La femme gelée – Annie Ernaux

 

Dans La femme gelée, Annie Ernaux revient sur son enfance dans les années 1940 à Yvetot, en Haute-Normandie. Elle raconte également son adolescence et ses années d’étude à Rouen puis son mariage et la naissance de ses enfants. Elle essaie d’expliquer comment la petite fille dévoreuse de livres qui travaillait bien à l’école et qui a été éduquée pour être indépendante et libre est devenue une femme débordée menant de front vie professionnelle et familiale, sans avoir une minute pour elle. A la différence de son mari, elle ne met pas les pieds sous la table en rentrant du travail et n’a pas le temps de lire Le Monde : elle doit s’occuper des enfants, de la gestion quotidienne de la maison et aussi préparer ses cours puisqu’elle est enseignante. On est bien loin de l’égalité entre les sexes…

Annie Ernaux avait pourtant un bel exemple sous les yeux quand elle était jeune : son père cuisinait et sa mère ne ressemblait absolument pas à la maîtresse de maison idéale. Elle a tout de même reproduit le modèle de la société de son époque et a fini, malgré elle, par se résoudre à accepter son sort.

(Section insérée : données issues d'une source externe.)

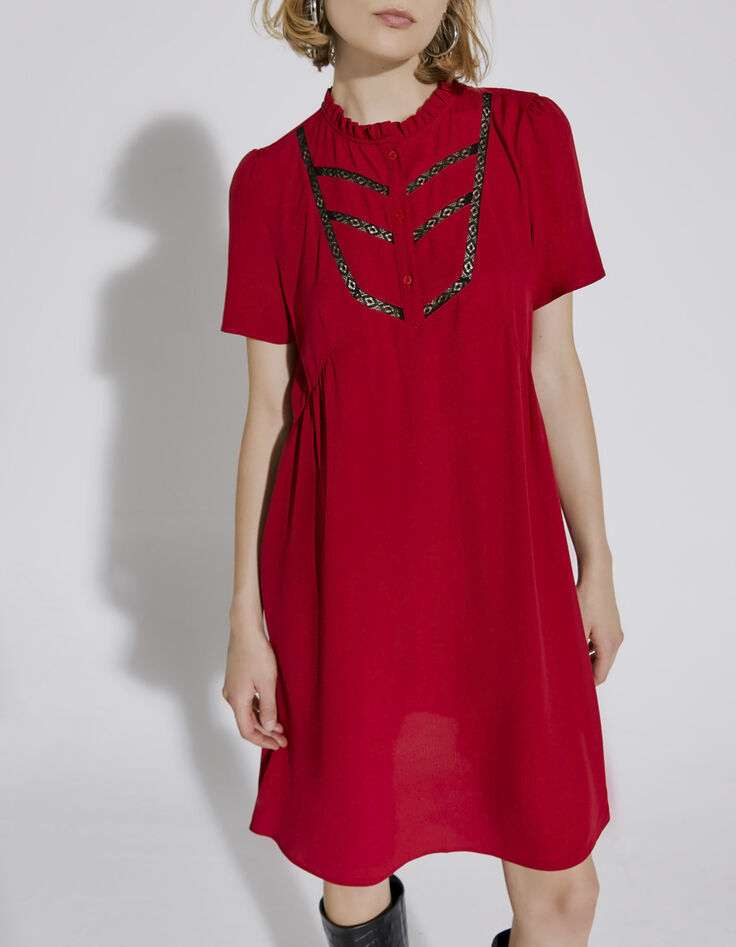 Robe courte rouge plastron dentelle et col victorien femme-1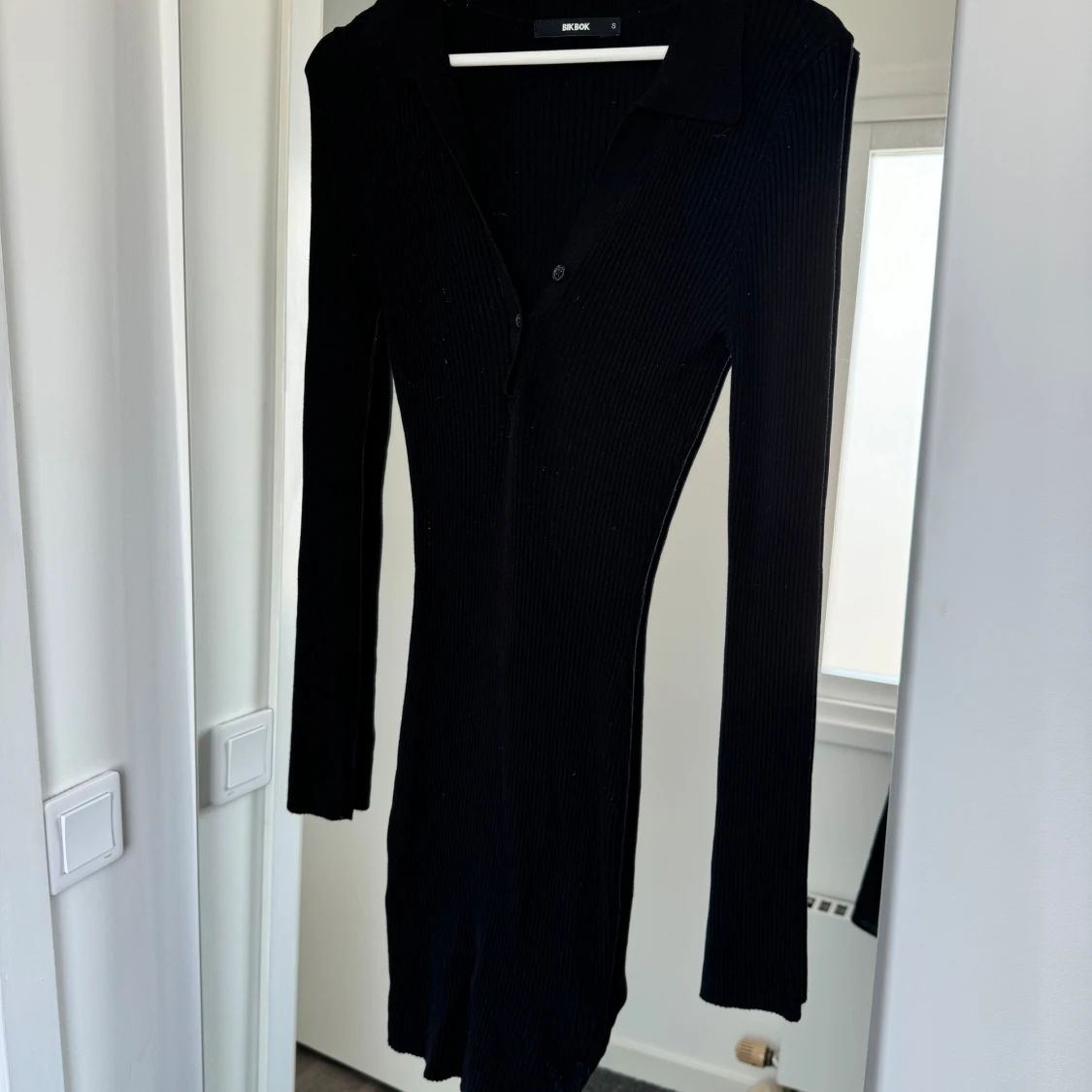 Svart klänning från BikBok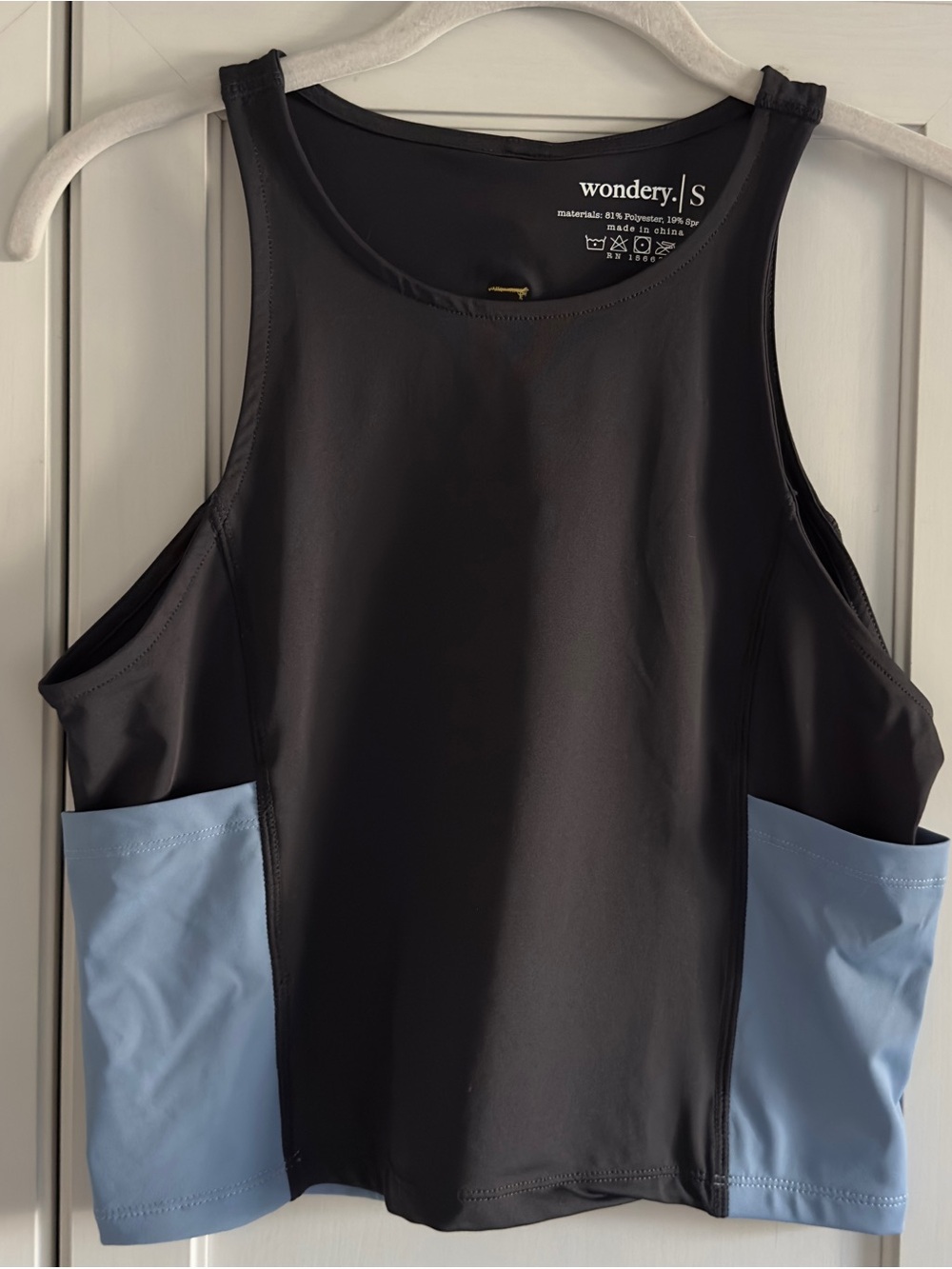 Wondery Long Day Hiking Pocket Tank Top Size Small
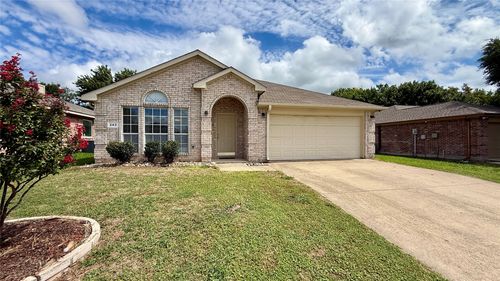 243 Lake Travis Dr, Wylie, TX, 75098-4879 | Card Image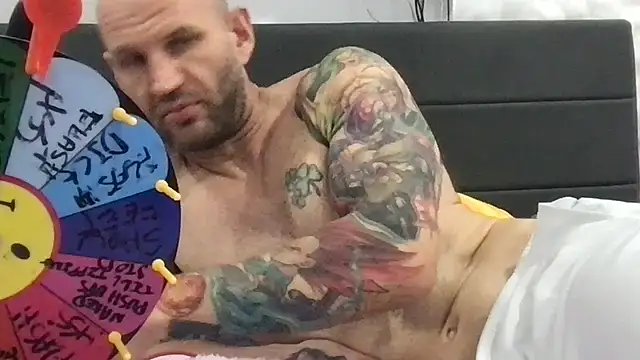 brianomally Live XXX Chat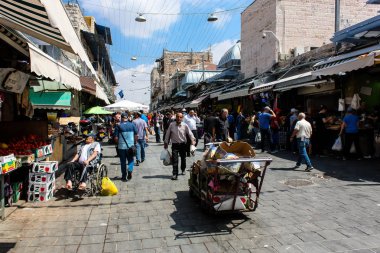 Kudüs İsrail 1 Haziran 2018 ve sabah Kudüs'te Mahane Yehuda markette alışveriş bilinmeyenli insan görünümü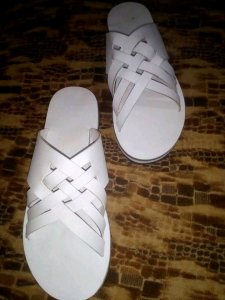 White Meshed palm Slippers
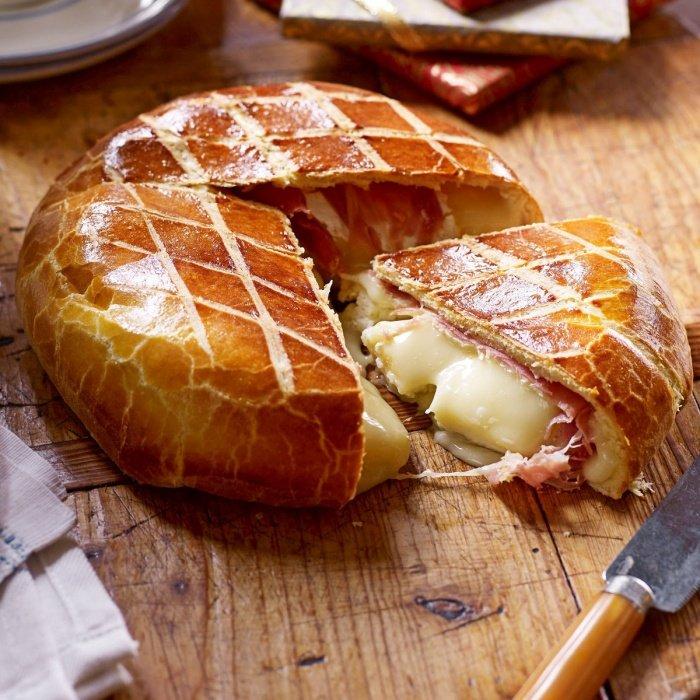 Brioche Recheado com Brie e Presunto Cru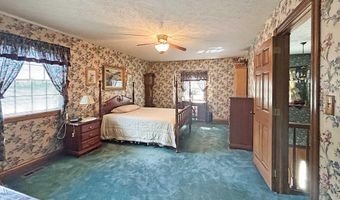 2818 Dixie Hwy, Bedford, IN 47421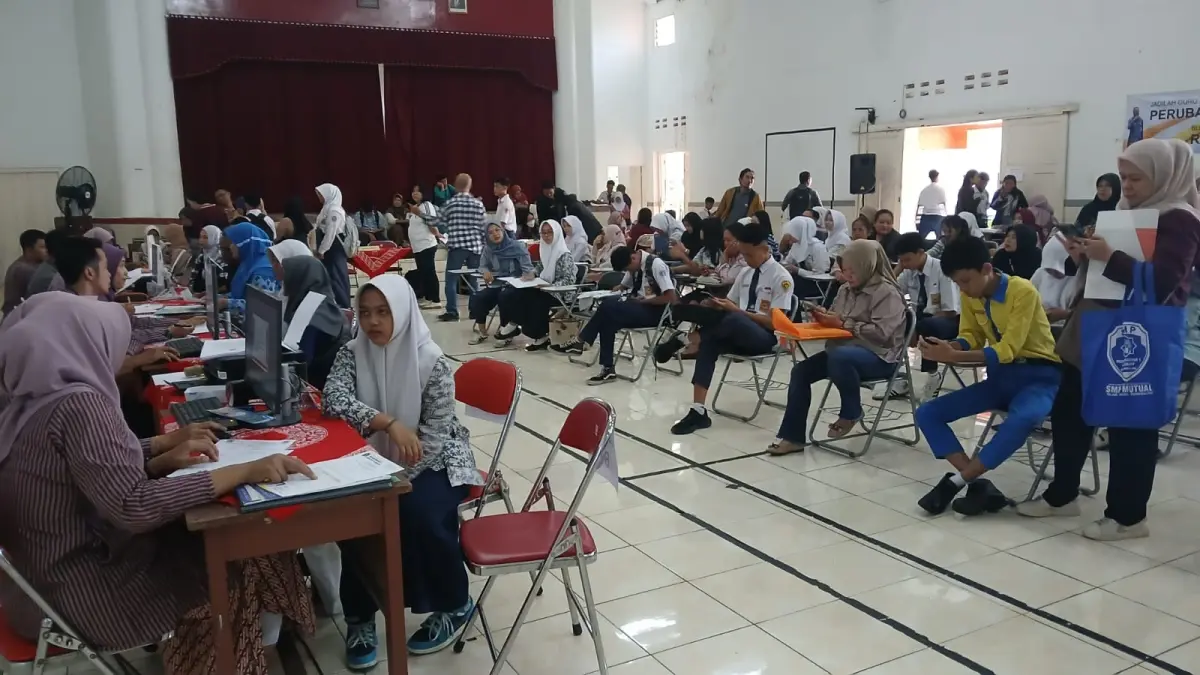 Layanan Sistem Penerimaan Murid Baru (SPMB) di SMA Negeri 3 Magelang, pada Kamis (4/6/2026). Panitia melayani pengajuan akun dan verifikasi data. (Lis Retno Wibowo/Jawa Pos Radar Magelang)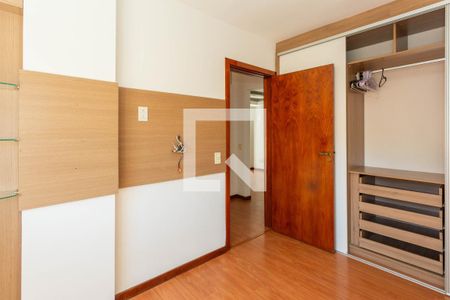 Quarto 1 de apartamento para alugar com 2 quartos, 75m² em Passo da Areia, Porto Alegre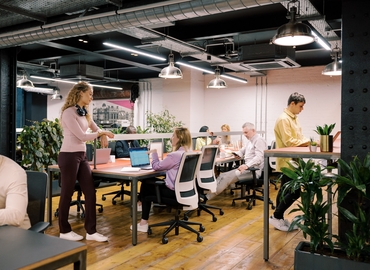 490 m² Business center in Dublin 8, The Masonry (D08 PY5E) - 2 | MatchOffice.com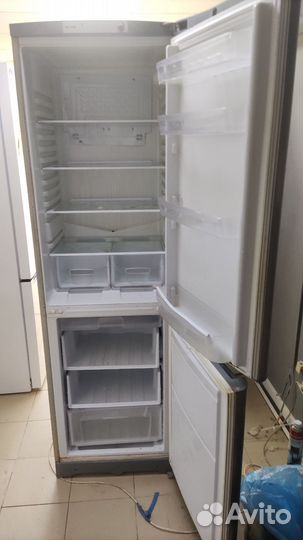 Холодильник Indesit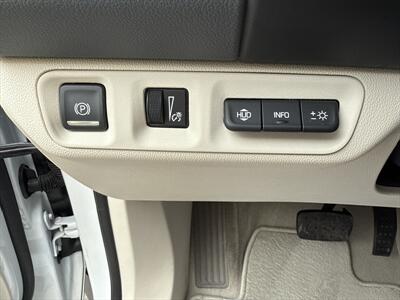2022 GMC Acadia Denali   - Photo 8 - Roosevelt, UT 84066
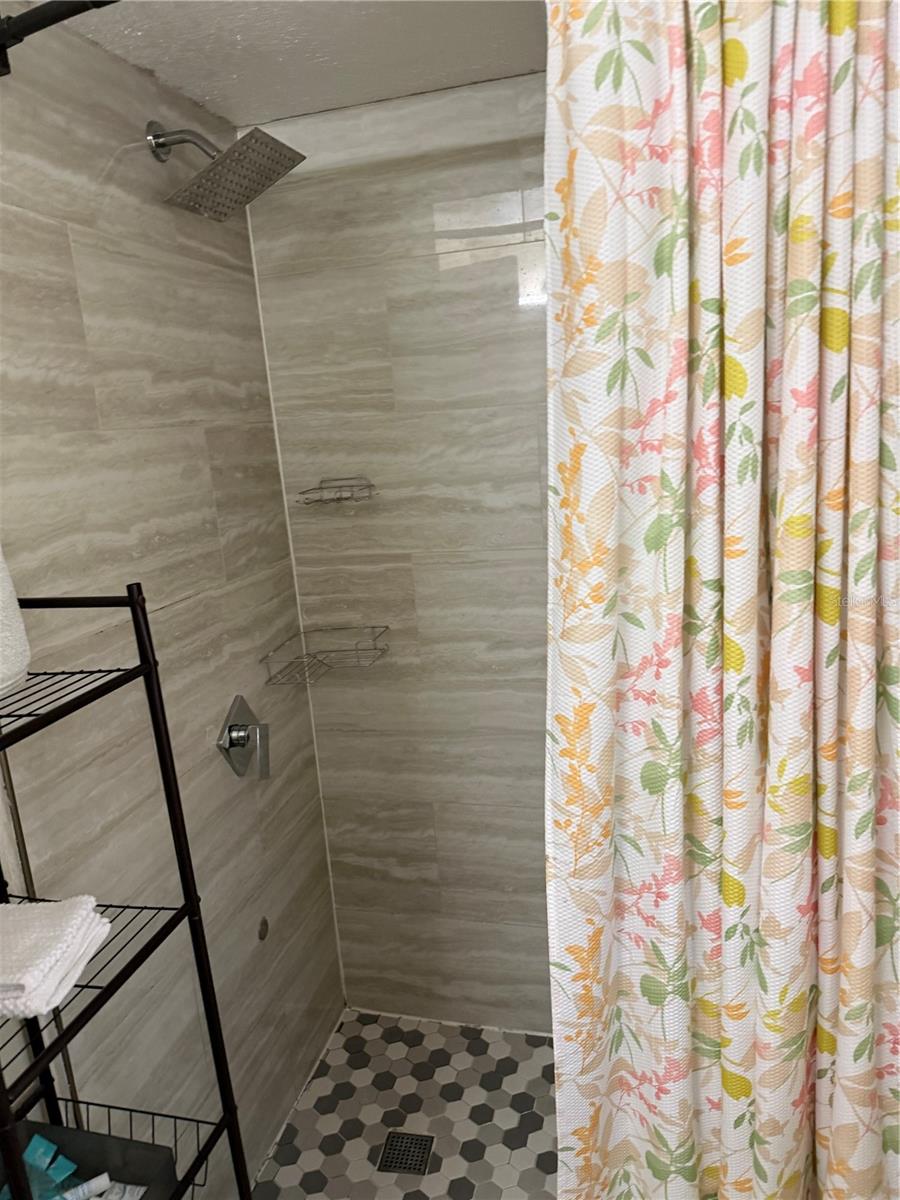 Image 26 of 28 For 3997 Orkney Avenue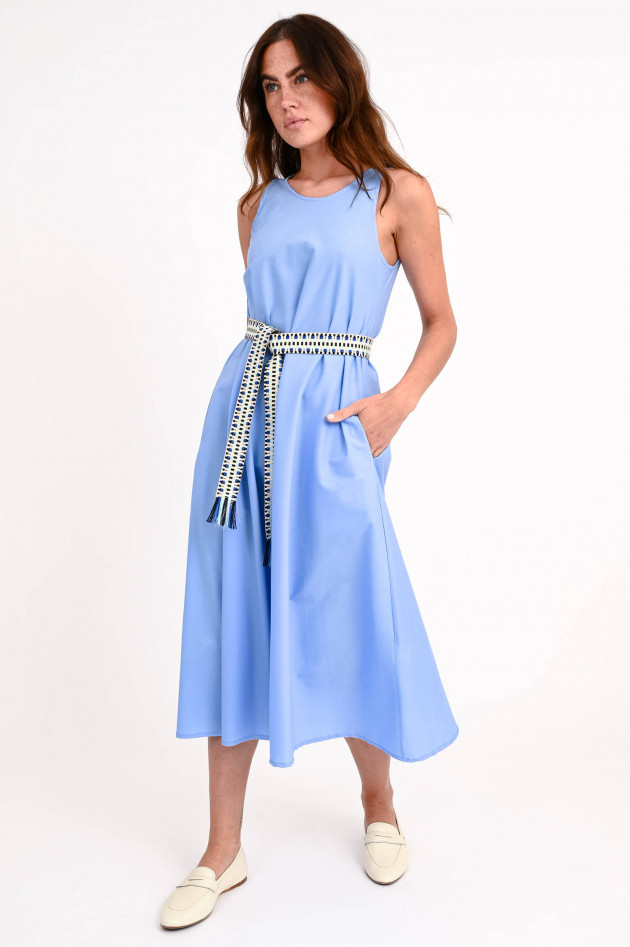 1868 Kleid mit A-Linie in Hellblau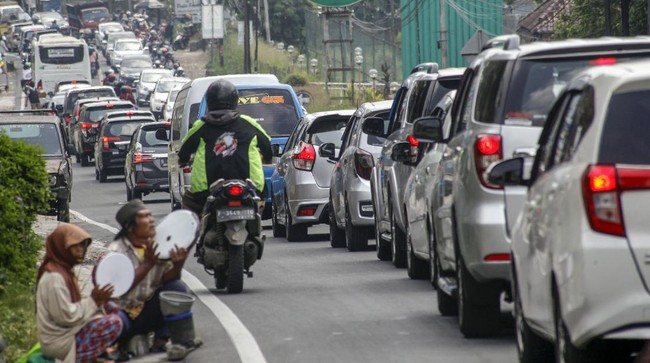Ratusan kendaraan terjebak selama enam jam di Jalur Cipanas menuju Puncak, terpaksa memarkir kendaraannya di sejumlah tempat peristirahatan.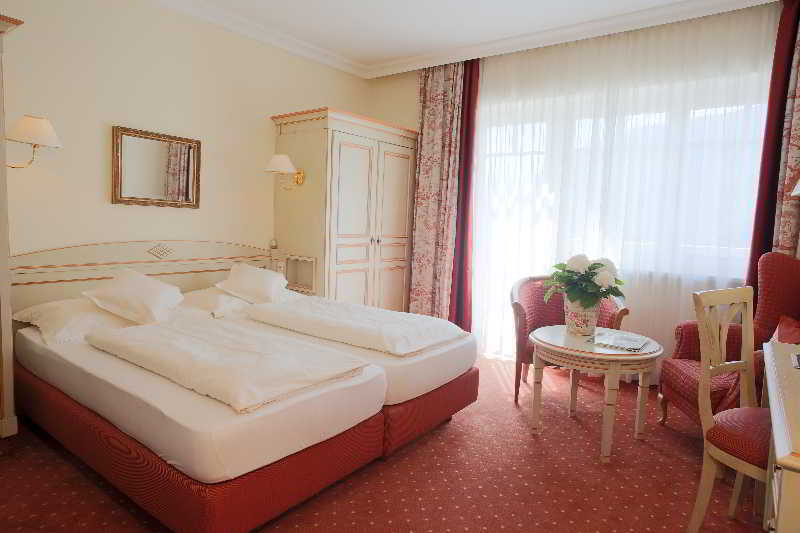 Pienzenau Am Schlosspark Hotel 4*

« Obscurément, en ces occasions, je sentais avec malaise que ma mère n’était pas une vraie mère, c’est-à-dire comme les autres. Ni pleureuse ni nourrircière, encore moins ménagère, je ne rencontrais pas beaucoup de ses traits dans le portrait-robot fourni par la maîtresse. » p. 55

« Dix ans plus tard, c’est moi dans une cuisine rutilante et muette, les fraises et la farine, je suis entrée dans l’image et je crève. » P. 57

« Elles ont fini sans que je m’en aperçoive, les années d’apprentissage. Après c’est l’habitude. Une somme de petits bruits à l’intérieur, moulin à café, casseroles, prof discrète, femme de cadre vêtue Cacharel ou Rodier au-dehors. Une femme gelée. » p. 178

La femme gelée a été pour moi une lecture coup de poing. Si on regarde la vérité en face, beaucoup de choses ont changé depuis l’époque dont Annie Ernaux nous parle dans ce livre mais il reste encore de très nombreux progrès à faire. L’égalité entre les hommes et les femmes, même dans notre société moderne, est encore bien loin d’être une réalité. Et je crois qu’il ne faut pas avoir honte de le dire, je partage certains de ces sentiments, je me suis même parfois retrouvée à travers elle…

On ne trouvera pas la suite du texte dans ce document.